The Wimbledon tennis championships won’t raise ticket prices even after it announced the biggest prize-money increase ever seen in tennis and plans to build a second retractable roof.

The All England Club, which organizes the annual grass-court Grand Slam tournament in southwest London, today said it would boost prize money for this year’s event by 40 percent to

22.6 million pounds ($34.5 million). The 6.5 million-pound increase is the largest ever in player compensation, while the total purse is the biggest in the history of the sport.

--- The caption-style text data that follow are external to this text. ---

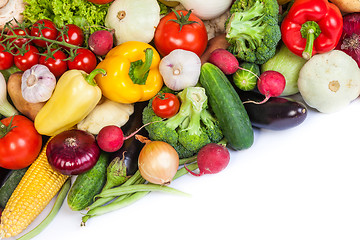 Image showing Group of fresh vegetables isolated on white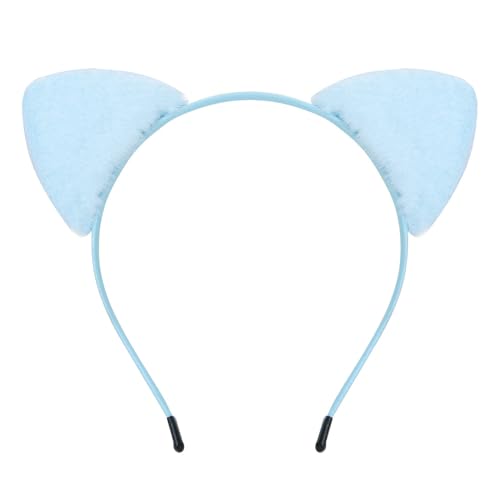 Black Cat Ears Headband Furry - Halloween Cat Woman Ears for Women Cat Costume Accessories Kitty Ears (Light Blue)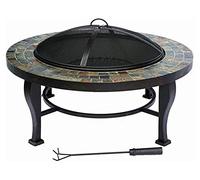 Foyer d'extérieur pour barbecue - Grand feu de camp extérieur - Grand feu de camp - Pour patio et jardin - Avec écran anti-étincelles rond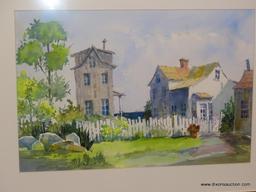 ORIGINAL JACK NOLAN WATERCOLOR; "CHATAM MASS. FISHERMAN COTTAGES" WATERCOLOR PAINTING SHOWING HOMES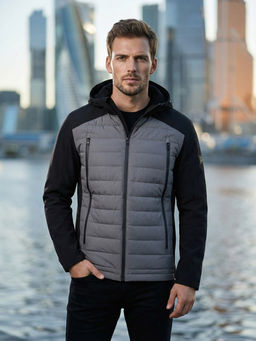 Куртка мужская гибридная стёганая с капюшоном с графеновой подкладкой черного цвета 9627_1Ch - Mtforce фото 35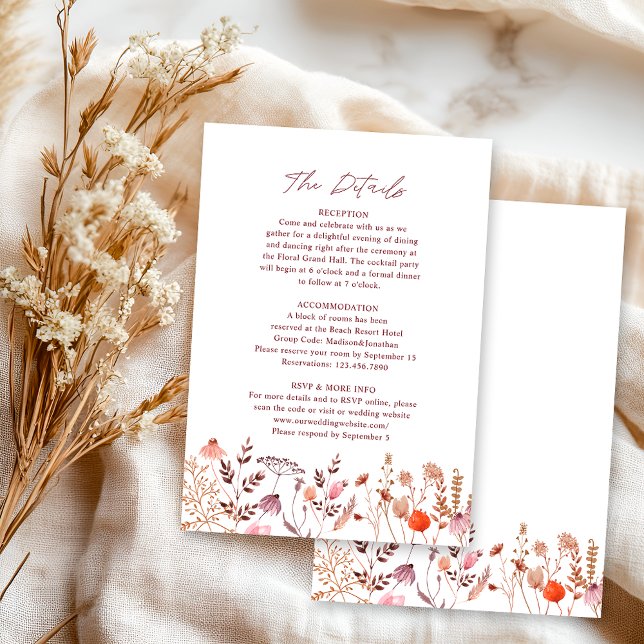 Carte D'accompagnement Rustic Boho Chic Fall Fleur sauvage Détails du Mar (Créateur téléchargé)
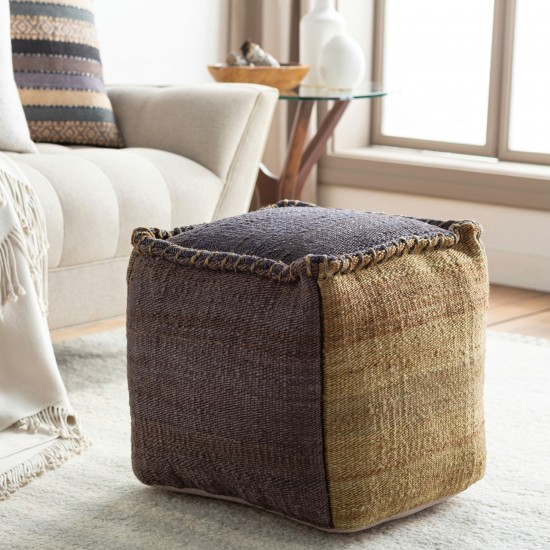 Surya Tonga Charcoal Pouf 18"H X 18"W X 18"D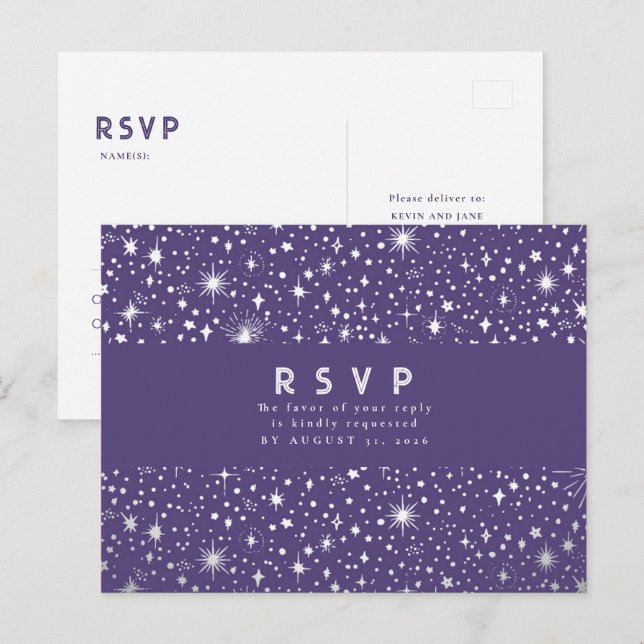 Starry Night Purple and Silver Wedding RSVP Postcard (Front/Back)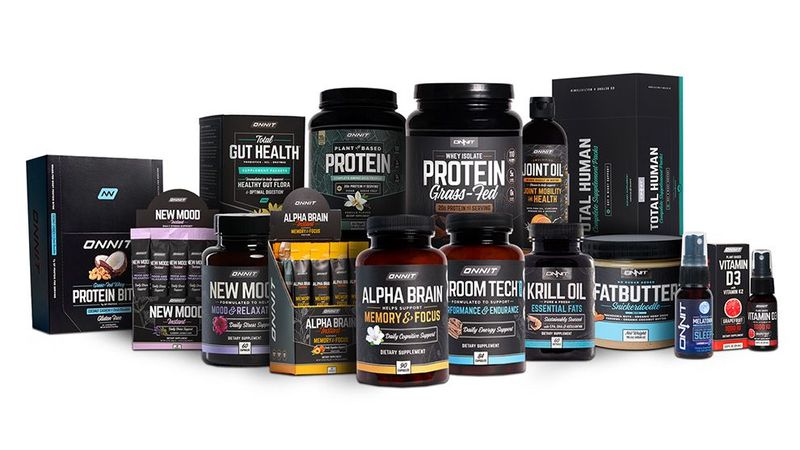 A collection of Onnit products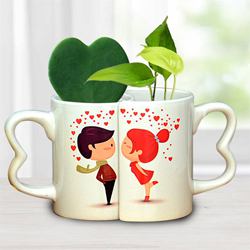 Attractive Couple Personalized Coffee Mug with Hoya Heart n Money Plant to Chittaurgarh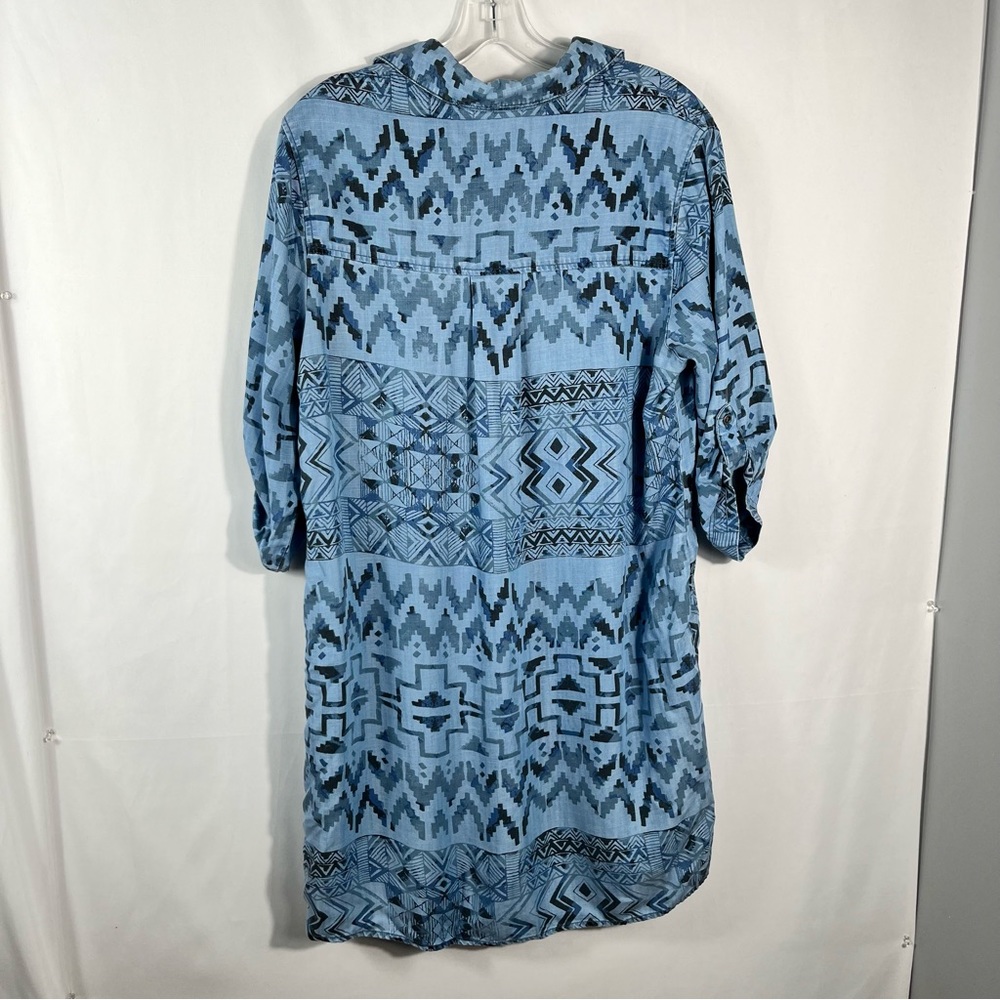 Soft Surroundings Blue Aztec Pattern Roll Tab Sleeve Relaxed Popover Tunic Shirt - Picture 6 of 6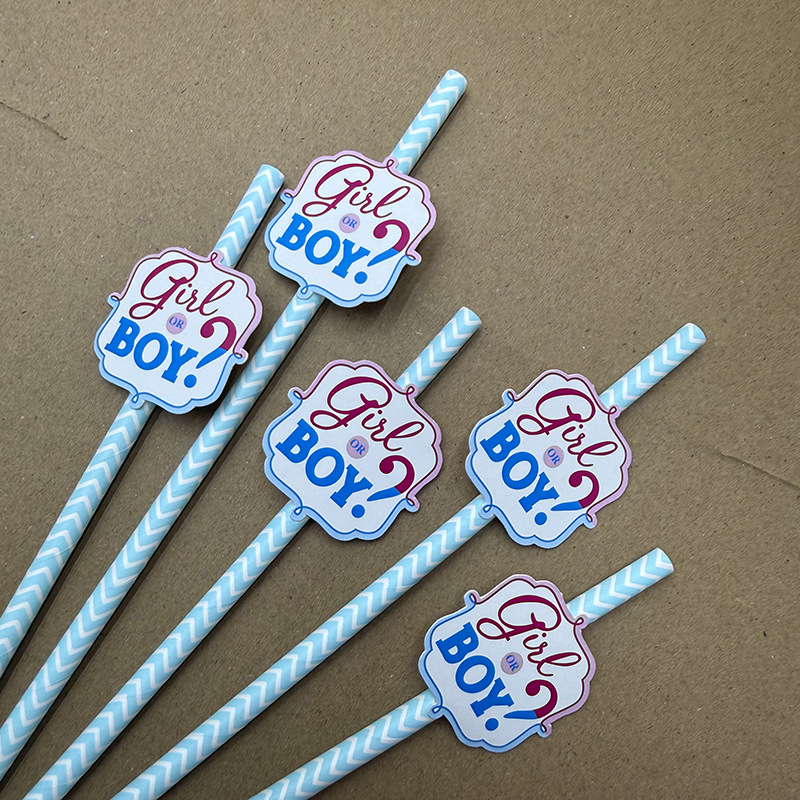 Papel de fiesta transfronteriza para niños niñas tarjetas de paja desechable postre fiesta decoración paja
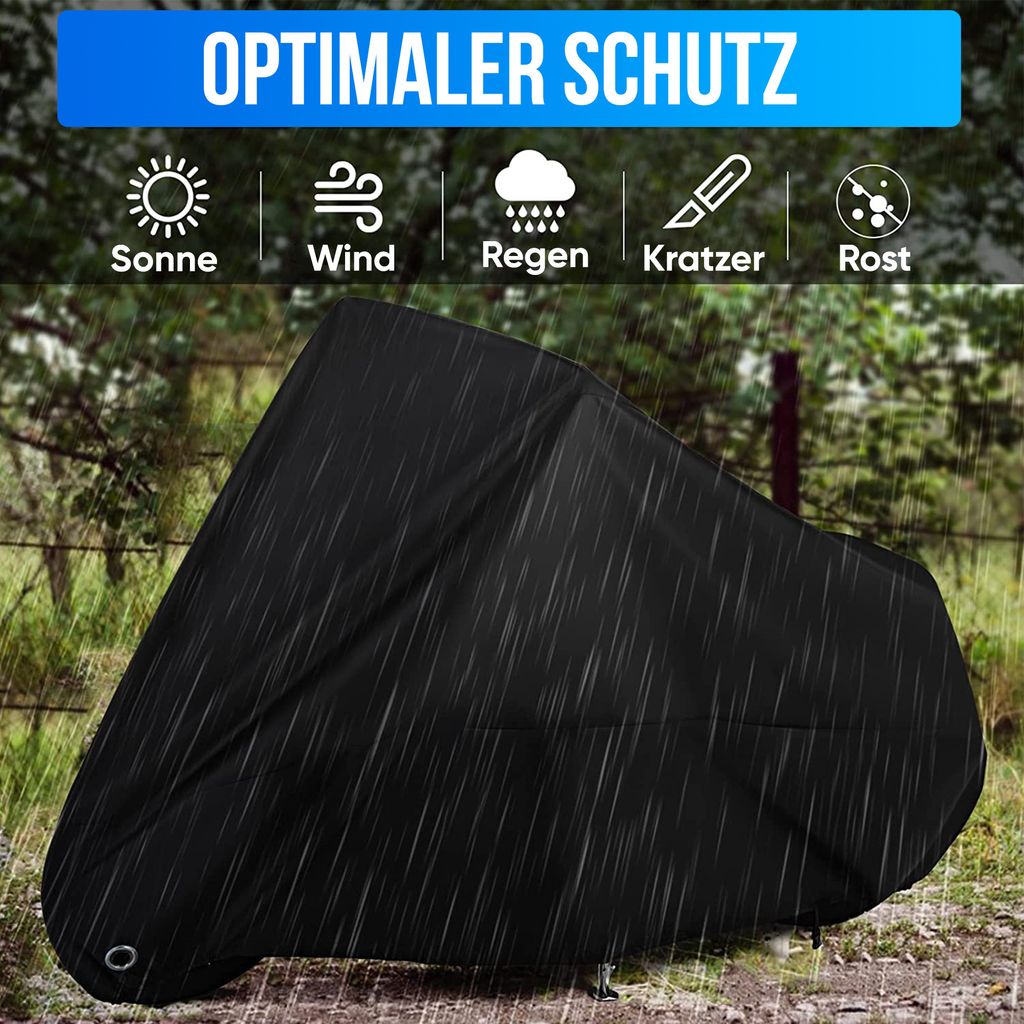 Motorradabdeckung XXXL 180T – Wasserdicht, UV-beständig & Mit Saum Für Perfekten Sitz (295x110x140 Cm)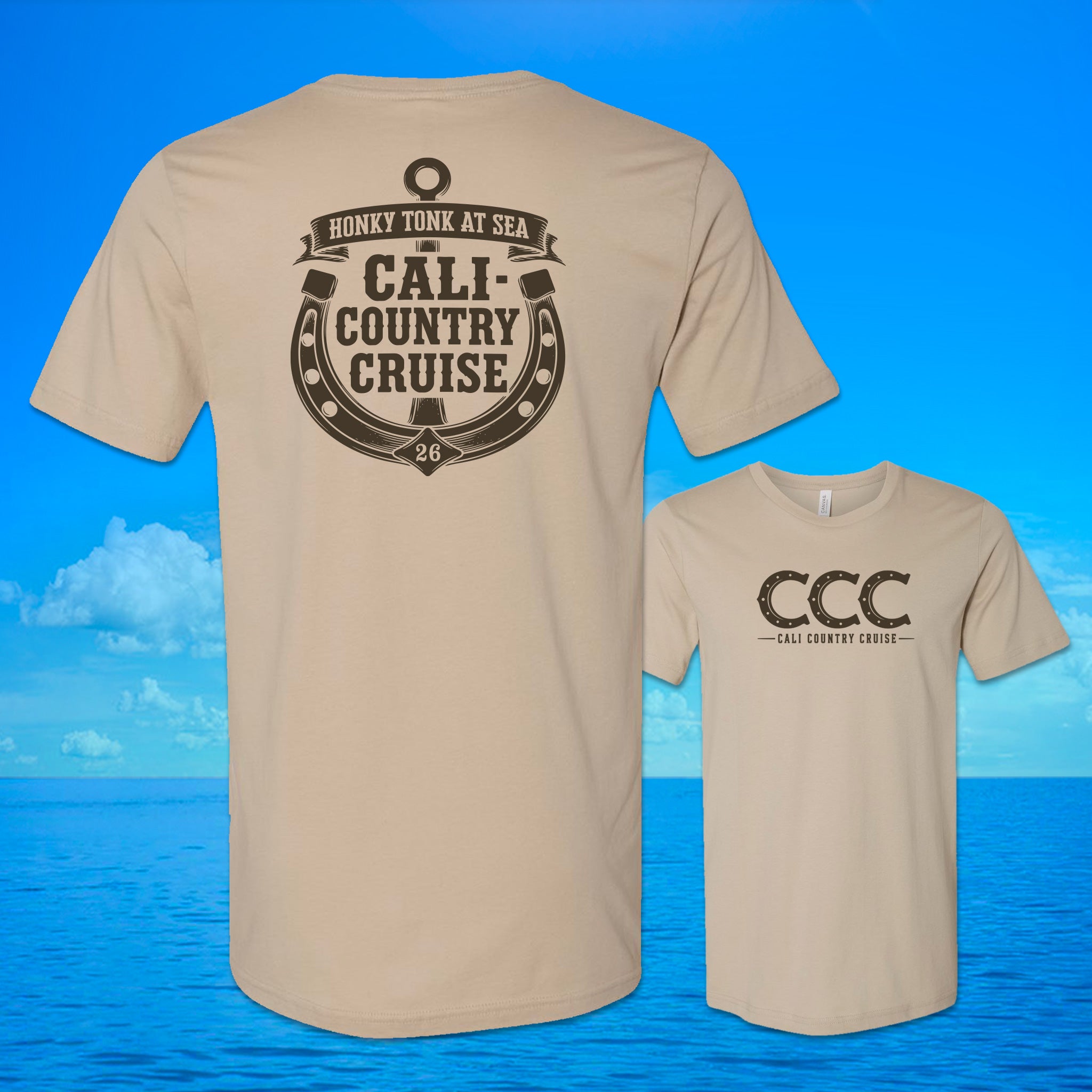 Cali-Country-Honky Tonk at Sea T-Shirt Tan Unisex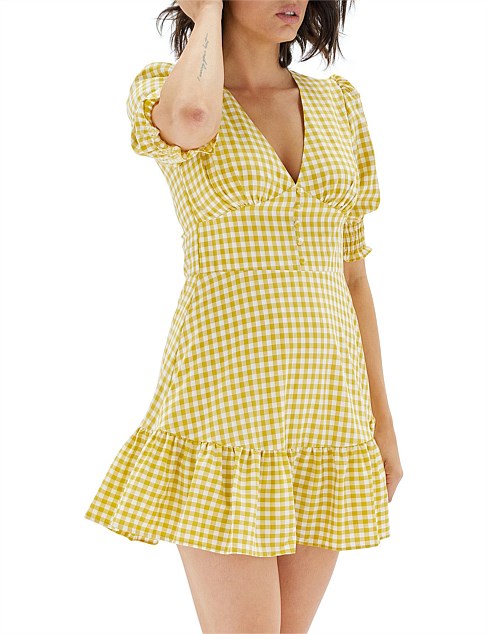 Temara Puff Sleeve Mini Dress - Yellow/White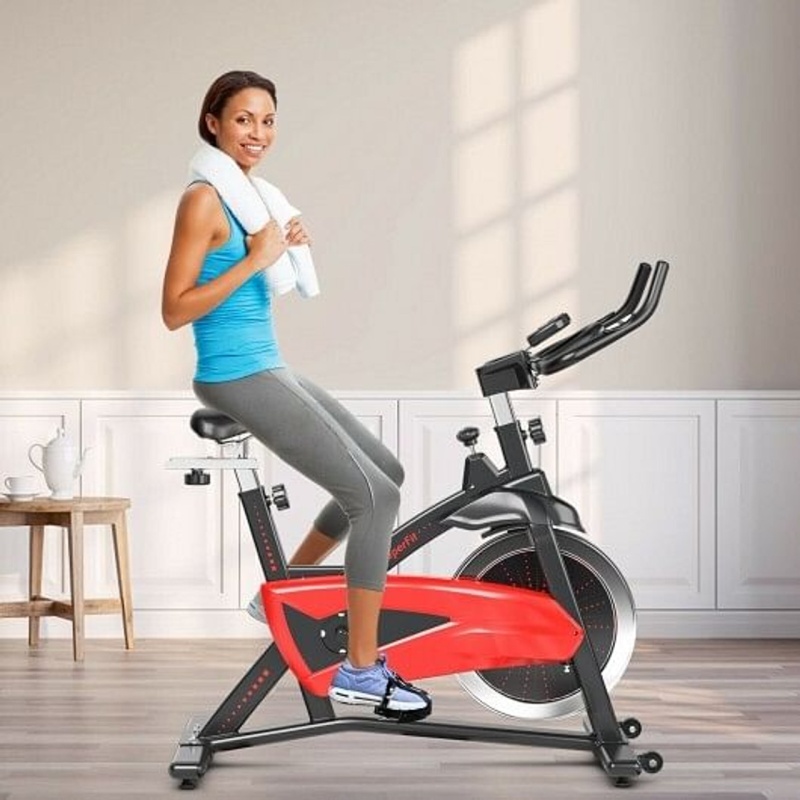 Magnetic Exercise Bike Fitness Cycling Bike With 35Lbs Flywheel For Home And Gym-Black & Red - Colo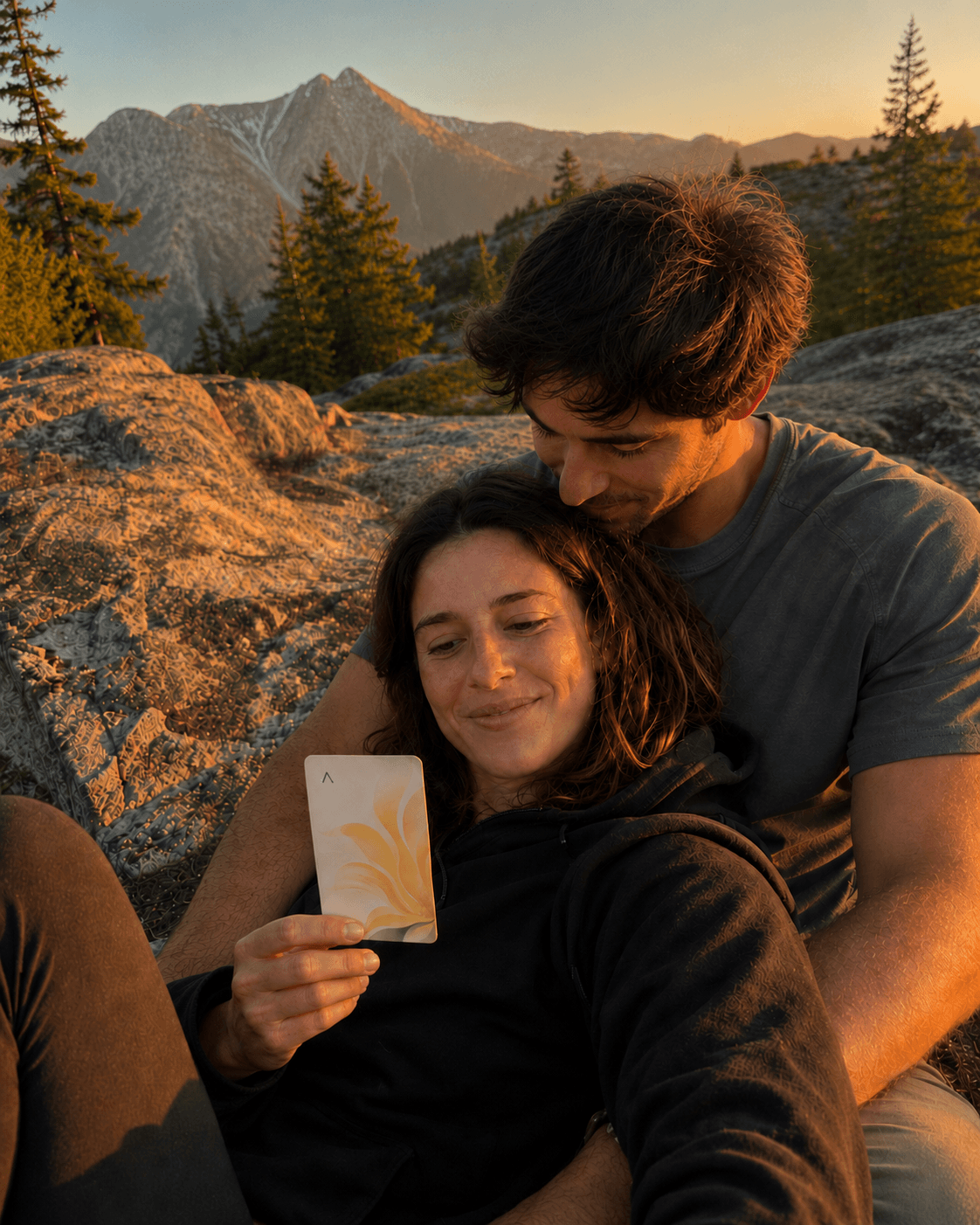 a couple reading the peakplant sunflower question card in the alps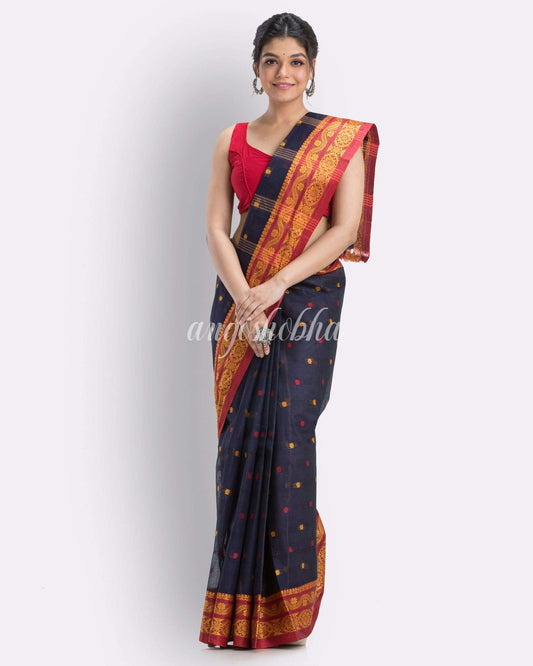 Bengal Cotton Navyblue Tangail Tant Saree angoshobha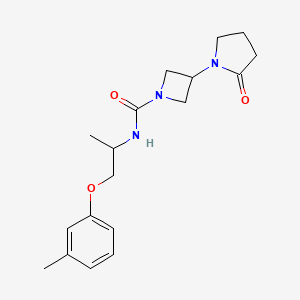 molecular formula C18H25N3O3 B7391362 N-[1-(3-methylphenoxy)propan-2-yl]-3-(2-oxopyrrolidin-1-yl)azetidine-1-carboxamide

“All of our plans here are funded in a way that will not affect ordinary fans coming to Wimbledon,” All England Club Chairman Phil Brook said in an interview at Wimbledon’s Centre Court.

A ground pass for the first week of Wimbledon costs 20 pounds.

Brook declined to comment on the total investment in player compensation and a roof over No. 1 Court, instead saying “it’s all affordable” with the funding coming from “existing resources.”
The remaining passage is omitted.